(Input data):
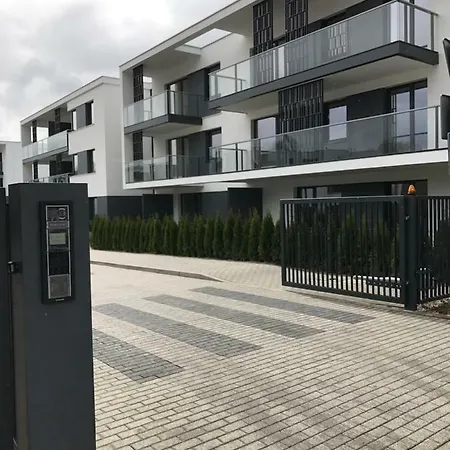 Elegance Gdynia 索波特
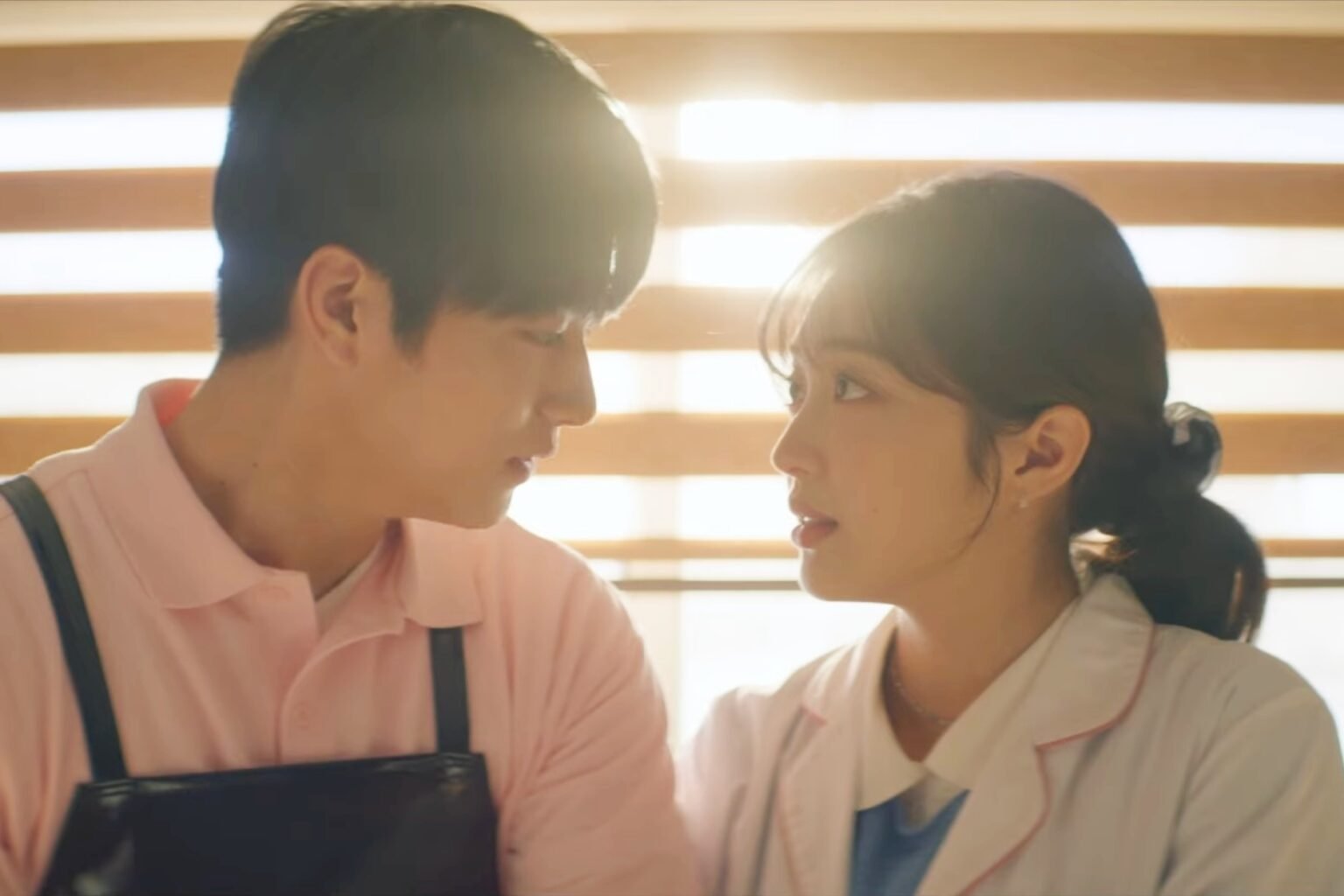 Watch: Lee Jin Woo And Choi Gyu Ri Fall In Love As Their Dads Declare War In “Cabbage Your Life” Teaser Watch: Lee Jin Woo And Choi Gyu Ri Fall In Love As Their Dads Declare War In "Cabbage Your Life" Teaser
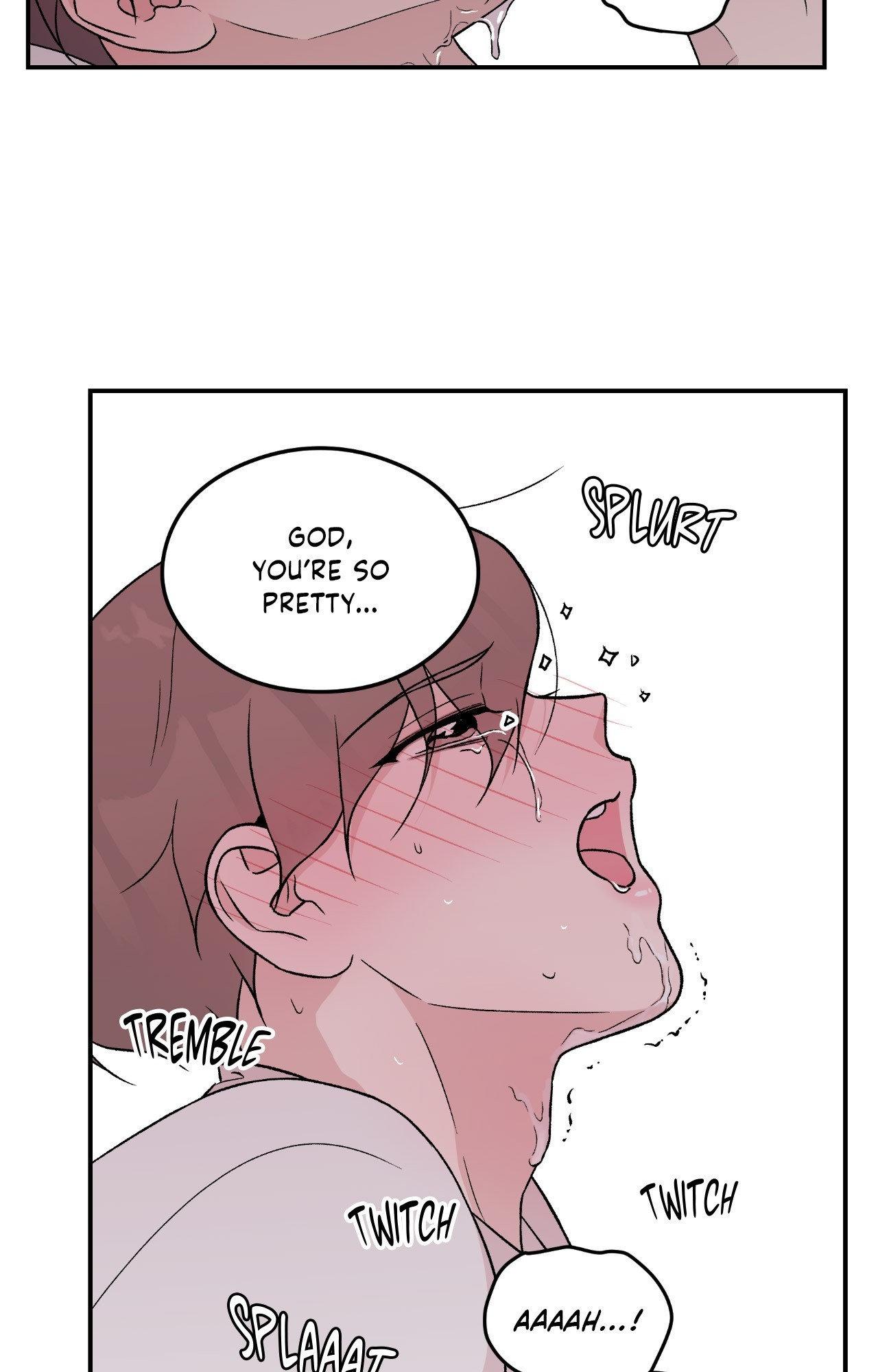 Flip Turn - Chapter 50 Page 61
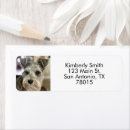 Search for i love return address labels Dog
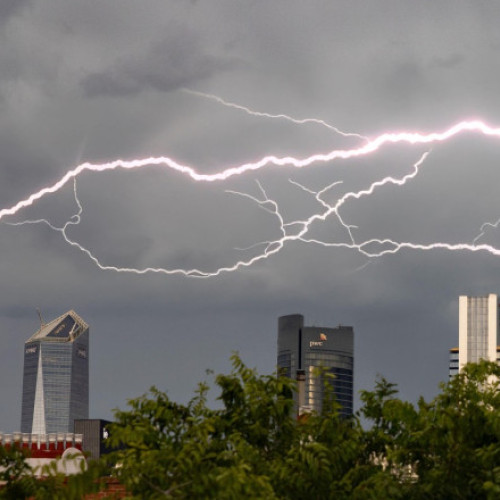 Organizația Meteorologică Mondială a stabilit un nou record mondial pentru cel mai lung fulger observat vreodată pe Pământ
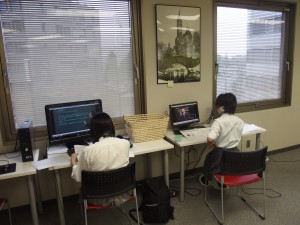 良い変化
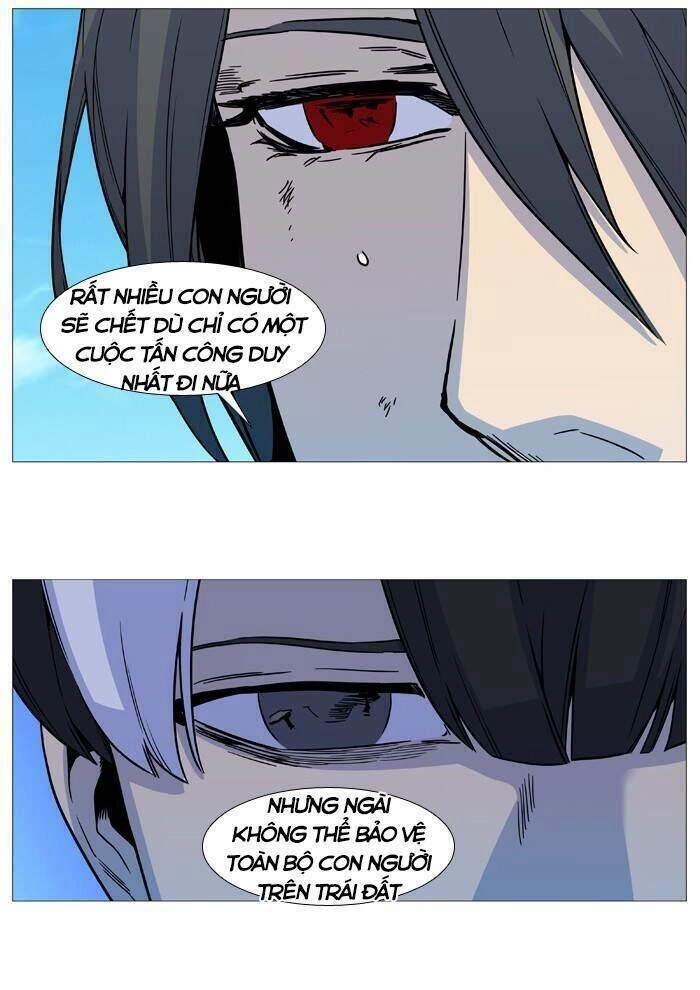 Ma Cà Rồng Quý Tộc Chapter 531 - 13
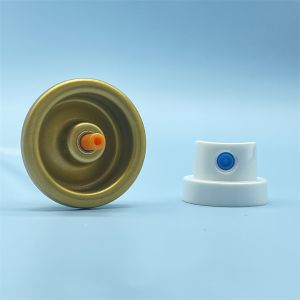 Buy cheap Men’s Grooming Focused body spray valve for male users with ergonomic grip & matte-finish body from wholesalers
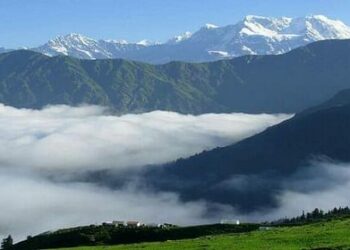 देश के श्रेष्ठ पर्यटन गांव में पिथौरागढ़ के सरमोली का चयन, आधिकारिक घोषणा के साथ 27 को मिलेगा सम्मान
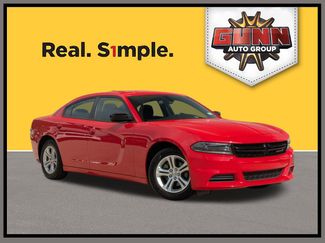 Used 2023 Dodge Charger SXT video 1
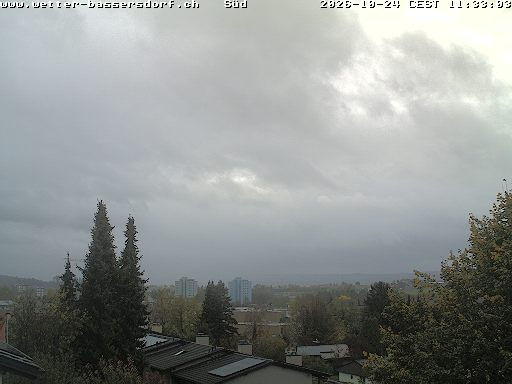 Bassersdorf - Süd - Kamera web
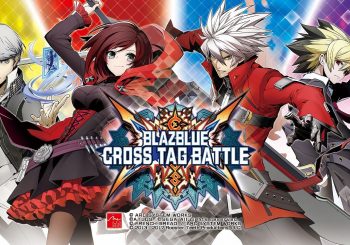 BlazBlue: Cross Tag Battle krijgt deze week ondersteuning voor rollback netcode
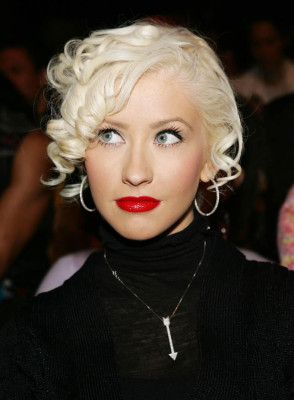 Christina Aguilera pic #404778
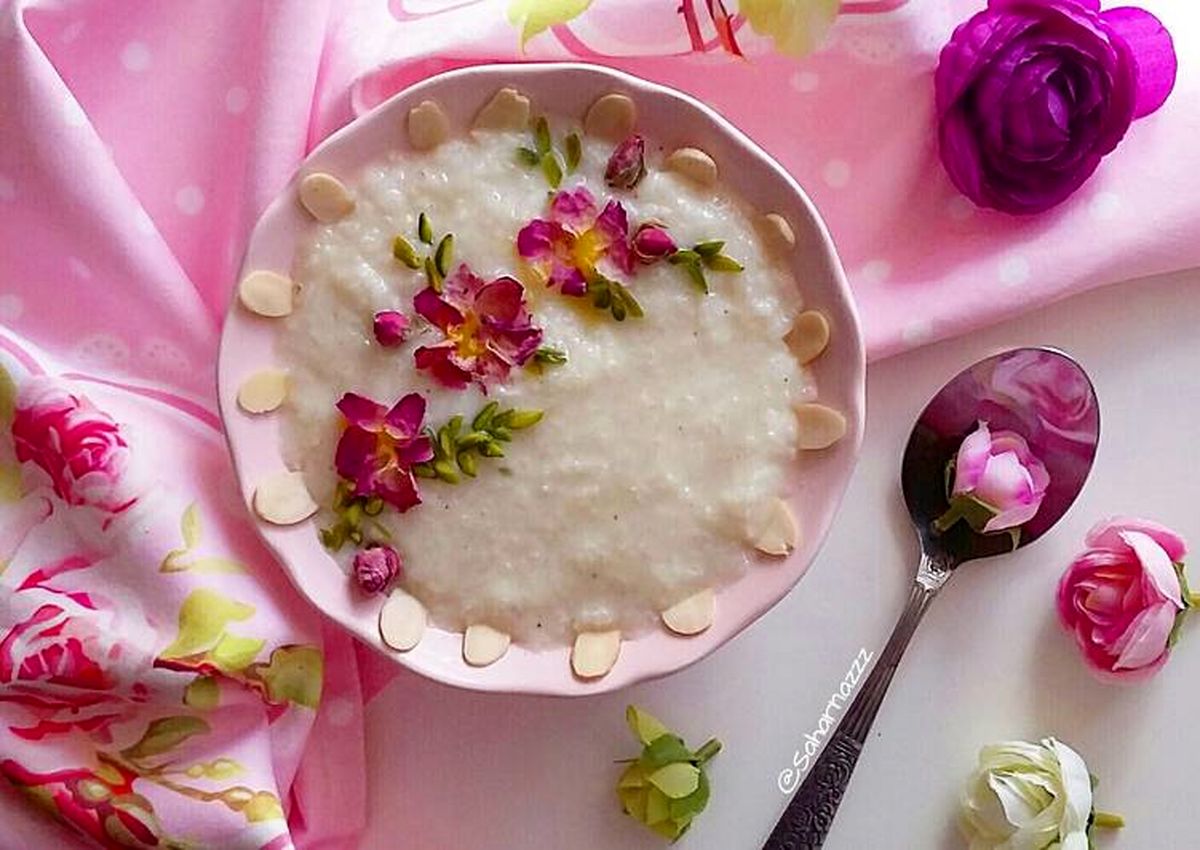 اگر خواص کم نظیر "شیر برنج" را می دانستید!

(Problem): Write out an exact reproduction of the lines from the line that holds "BlazBlue: Cross Tag" to the bottom of the listing above, both ends included. Exclude pictures.

(Solution to this task):
 BlazBlue: Cross Tag Battle krijgt deze week ondersteuning voor rollback netcode
 Christina Aguilera pic #404778
 اگر خواص کم نظیر "شیر برنج" را می دانستید!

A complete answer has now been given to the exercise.